Im September 1955 erreichte es Konrad Adenauer in hartnäckigen Verhandlungen, dass die UDSSR endlich die letzten Kriegsgefangenen entließ, die Angehörigen der ehemaligen Wehrmacht und Waffen-SS, und im Gegenzug nahmen beide Staaten diplomatische Beziehungen auf. (Die DDR kritisierte dies übrigens, weil nicht vereinbart wurde, dass gleichzeitig die DDR von Bonn anerkannt wurde. Das war den Sowjets aber gleichgültig).

Die letzten Soldaten wurden schubweise entlassen vom 7.Oktober 1955 bis zum 14. Januar 1956.

Die ersten 600 erreichten das Lager Friedland in Westdeutschland unter ungeheuren Jubel der Bevölkerung. Konrad Adenauer war krank, die Begrüßungsrede hielt Bundespräsident Heuss. Viele Frauen und Kinder hofften, ihre Männer und Väter endlich wieder zu treffen und hielten Plakate hoch mit den Fotos der Soldaten und ihren Namen. Aber viele wurden enttäuscht und einige erfuhren von den Heimkehrern, dass ihre Männer gestorben waren. Zum Schluss sangen die Soldaten den Choral von Rinckers „Nun danket alle Gott, mit Herzen, Mund und Händen.“ Dies war eines der emotionalsten Momente in der Geschichte der jungen Bundesrepublik. Die Rückführung der insgesamt 9.626 Gefangenen wird bis heute als eine der größten Leistungen von Adenauer gewürdigt.

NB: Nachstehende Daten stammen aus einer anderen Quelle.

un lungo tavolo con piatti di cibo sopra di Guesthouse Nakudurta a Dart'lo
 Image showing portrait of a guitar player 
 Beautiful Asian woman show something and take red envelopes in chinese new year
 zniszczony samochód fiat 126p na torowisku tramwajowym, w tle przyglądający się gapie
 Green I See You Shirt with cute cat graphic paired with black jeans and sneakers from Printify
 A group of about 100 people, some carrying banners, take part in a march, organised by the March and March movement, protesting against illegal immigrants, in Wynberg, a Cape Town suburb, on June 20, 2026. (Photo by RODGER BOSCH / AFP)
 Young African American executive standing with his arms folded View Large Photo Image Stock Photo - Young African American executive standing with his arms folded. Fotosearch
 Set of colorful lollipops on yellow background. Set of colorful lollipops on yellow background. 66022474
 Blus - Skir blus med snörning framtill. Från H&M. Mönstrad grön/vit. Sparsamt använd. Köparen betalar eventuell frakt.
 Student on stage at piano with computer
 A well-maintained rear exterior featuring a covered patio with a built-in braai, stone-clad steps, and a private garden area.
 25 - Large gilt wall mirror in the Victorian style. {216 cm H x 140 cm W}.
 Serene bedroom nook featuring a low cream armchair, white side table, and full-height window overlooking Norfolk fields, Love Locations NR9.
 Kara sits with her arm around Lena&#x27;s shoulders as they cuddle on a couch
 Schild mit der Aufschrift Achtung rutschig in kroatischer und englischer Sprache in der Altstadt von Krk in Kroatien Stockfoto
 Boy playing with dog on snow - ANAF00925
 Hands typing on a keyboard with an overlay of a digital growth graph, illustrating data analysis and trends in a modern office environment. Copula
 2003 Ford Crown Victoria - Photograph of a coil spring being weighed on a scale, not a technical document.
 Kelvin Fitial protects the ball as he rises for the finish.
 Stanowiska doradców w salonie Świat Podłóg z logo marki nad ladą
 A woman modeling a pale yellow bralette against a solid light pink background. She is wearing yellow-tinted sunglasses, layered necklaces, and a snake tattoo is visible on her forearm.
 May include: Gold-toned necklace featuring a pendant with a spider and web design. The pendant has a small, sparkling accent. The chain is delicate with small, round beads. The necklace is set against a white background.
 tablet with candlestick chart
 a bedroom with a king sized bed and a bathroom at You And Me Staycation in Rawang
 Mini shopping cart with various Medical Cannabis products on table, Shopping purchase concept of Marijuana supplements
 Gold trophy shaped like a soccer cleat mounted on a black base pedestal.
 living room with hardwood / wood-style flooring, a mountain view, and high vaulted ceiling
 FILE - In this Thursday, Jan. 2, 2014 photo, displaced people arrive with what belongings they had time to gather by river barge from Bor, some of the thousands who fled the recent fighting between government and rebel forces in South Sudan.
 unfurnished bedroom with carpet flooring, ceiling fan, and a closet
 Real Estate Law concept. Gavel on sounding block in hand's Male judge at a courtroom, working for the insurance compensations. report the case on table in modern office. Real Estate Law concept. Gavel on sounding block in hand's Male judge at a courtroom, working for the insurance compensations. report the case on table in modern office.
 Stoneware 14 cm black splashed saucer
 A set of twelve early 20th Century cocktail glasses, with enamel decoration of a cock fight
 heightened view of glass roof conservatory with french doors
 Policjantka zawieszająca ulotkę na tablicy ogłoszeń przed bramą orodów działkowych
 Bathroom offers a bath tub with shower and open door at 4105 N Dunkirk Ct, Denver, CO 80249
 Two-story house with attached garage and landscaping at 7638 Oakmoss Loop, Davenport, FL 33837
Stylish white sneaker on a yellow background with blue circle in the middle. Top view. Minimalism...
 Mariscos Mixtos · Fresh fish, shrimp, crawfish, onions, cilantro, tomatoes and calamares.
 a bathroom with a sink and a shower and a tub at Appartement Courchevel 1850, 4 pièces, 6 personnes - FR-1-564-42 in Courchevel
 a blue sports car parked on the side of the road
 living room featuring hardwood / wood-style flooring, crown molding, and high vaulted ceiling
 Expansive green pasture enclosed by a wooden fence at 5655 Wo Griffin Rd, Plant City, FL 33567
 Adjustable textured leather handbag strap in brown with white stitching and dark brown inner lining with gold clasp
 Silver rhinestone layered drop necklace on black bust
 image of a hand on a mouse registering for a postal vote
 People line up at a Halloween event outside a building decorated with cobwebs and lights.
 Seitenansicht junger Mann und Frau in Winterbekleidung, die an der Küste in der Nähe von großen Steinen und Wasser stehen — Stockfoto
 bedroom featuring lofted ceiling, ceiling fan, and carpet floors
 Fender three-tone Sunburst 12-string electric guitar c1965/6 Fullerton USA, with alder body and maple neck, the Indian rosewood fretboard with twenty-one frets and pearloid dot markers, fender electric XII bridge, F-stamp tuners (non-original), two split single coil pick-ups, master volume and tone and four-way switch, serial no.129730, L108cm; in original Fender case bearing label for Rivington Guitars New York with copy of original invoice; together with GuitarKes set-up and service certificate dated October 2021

Es kam am 7.Oktober 1955 eine bunte Mischung in dem Lager an. Mehrere Dutzend stramme Nazi-Generäle, die bis zum Schluss für den Endsieg kämpften und ihre Soldaten in den Tod jagten, aber auch ein gebrochener verwirrter Mann, der Stalingrad General von Seydlitz. Er hatte sich im Krieg dem Nationalkomitee Freies Deutschland angeschlossen und zum Widerstand gegen Hitler aufgerufen. Die Nazis verurteilten ihn in Abwesenheit zum Tode und inhaftierten seine Familie. Doch die Sowjets stellten ihn nach dem Krieg auch vor Gericht wegen Verbrechen an Rotarmisten und wandelten ein erstes Todesurteil in Lagerhaft um. Er wurde von den anderen Kriegsheimkehrern geschnitten, die ihn als Verräter betrachteten. Auch in Westdeutschland galt er als Deserteur und Vaterlandsverräter. 1956 wurde das Todesurteil gegen ihn vom Gericht in Verden aufgehoben. Aber er war ein gebrochener Mann.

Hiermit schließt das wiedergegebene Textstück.